すばる望遠鏡、ウルトラ赤外線銀河の謎を解明 - かすかな星の分布の様子が多重合体の証拠となった -

愛媛大学宇宙進化研究センターの谷口義明センター長を中心とした研究チームは、すばる望遠鏡を用いた観測により、ウルトラ赤外線銀河(太陽の1兆倍ものエネルギーを赤外線で放射している銀河)の代表格であるアープ220が、4個以上の銀河の多重合体である動かぬ証拠を発見しました。ウルトラ赤外線銀河は激しい星生成活動の後、巨大ブラックホールをエネルギー源として非常に明るい放射をするクエーサーと呼ばれる天体に進化すると考えられています。

これまでは,単純に2個の銀河が合体することでウルトラ赤外線銀河が形成されたと考えられていました。ところが、宇宙には銀河数個が群れている銀河群が多数あります。今回の発見は、1つの銀河群に含まれる全ての銀河が合体し、ウルトラ赤外線銀河に進化したことを示しています。

今回の研究成果は宇宙における多様な銀河進化の新たな一面を明らかにしたものであり、ウルトラ赤外線銀河の成因に新たな知見を与えるものと期待されます。

本研究成果は、米国の天体物理学専門誌『アストロフィジカル・ジャーナル』に受理され、掲載が予定されています。

アープ220の可視光写真(R バンド)
アープ220の可視光写真(R バンド)。

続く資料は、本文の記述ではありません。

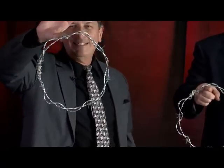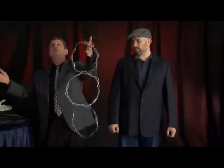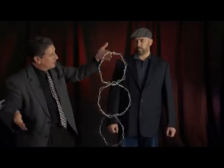You know what? This is not happening. Take this one as well. You may rest your fingers now. Thank you very much. And we twist it like this — three rings of steel solidly linked together.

左はハッブル宇宙望遠鏡のACSカメラで撮影された画像で、右は研究チームがすばる望遠鏡の主焦点カメラSuprime-Camで撮影した画像です。すばる望遠鏡で撮影した画像を見ると、アープ220の周辺に淡い構造が拡がっていることがわかります。この構造は合体の際の潮汐効果で生じたものです。